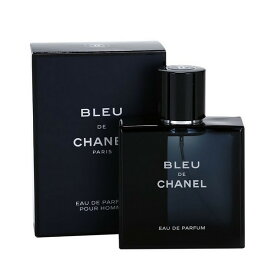 CHANEL シャネル ブルー EDP スプレー Bleu EDP spray 50ml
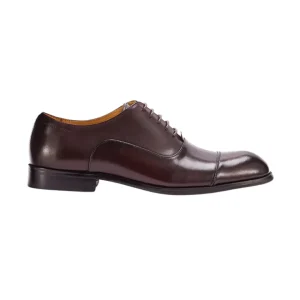 Zapatos Oxford de piel de primera calidad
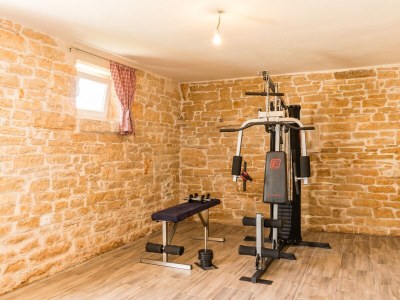 Holiday house Imela - Features photo 34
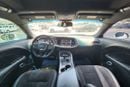 دودج تشالينجر SRT HELLCAT REDEYE WIDEBODY R/T Scat Pack 6.4L SRT /6.4L SCAT BACK//SUN ROOF /WIDE BODY/ FULL OPTION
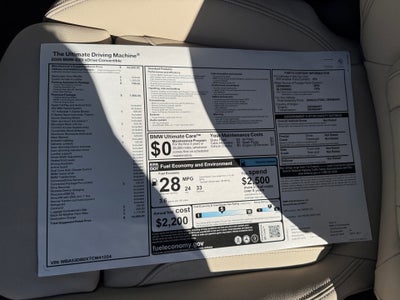 2026 BMW 430i 430i xDrive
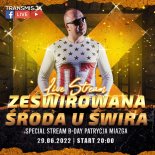 DJ ŚWIRU On Air ZeŚWIROWANA ŚRODA (29.06.2022)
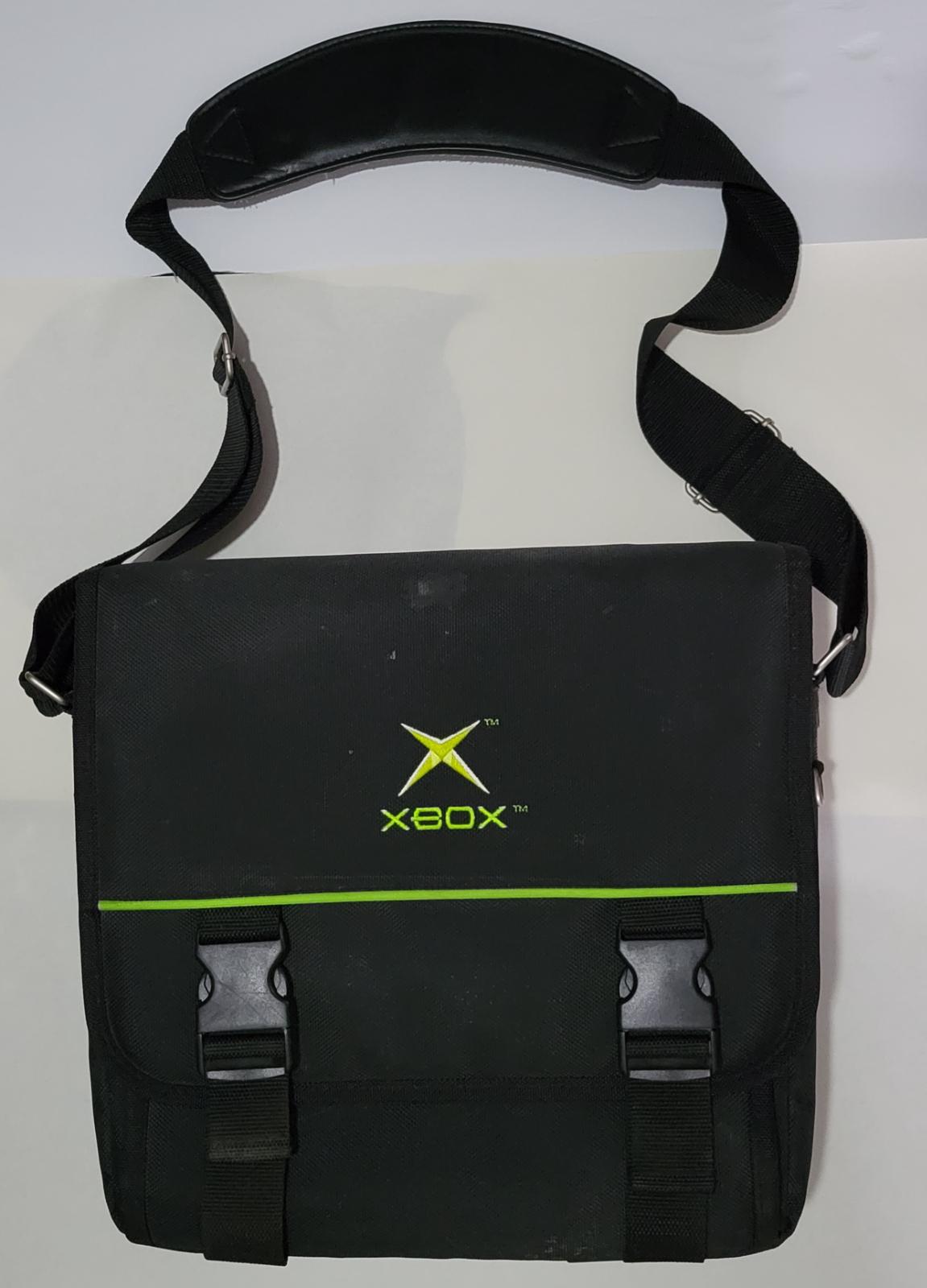 Xbox Carrying Case Prices Xbox Compare Loose, CIB & New Prices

--*--

• [What the task asks]
Beginning with the line that contains "Holiday house Imela - Features photo 34" and ending with the last line of the data, restate each line word for word. Exclude the pictures.

• [Exercise response]
 Holiday house Imela - Features photo 34
 دودج تشالينجر SRT HELLCAT REDEYE WIDEBODY R/T Scat Pack 6.4L SRT /6.4L SCAT BACK//SUN ROOF /WIDE BODY/ FULL OPTION
 2026 BMW 430i 430i xDrive
 DJ ŚWIRU On Air ZeŚWIROWANA ŚRODA (29.06.2022)
 Xbox Carrying Case Prices Xbox Compare Loose, CIB & New Prices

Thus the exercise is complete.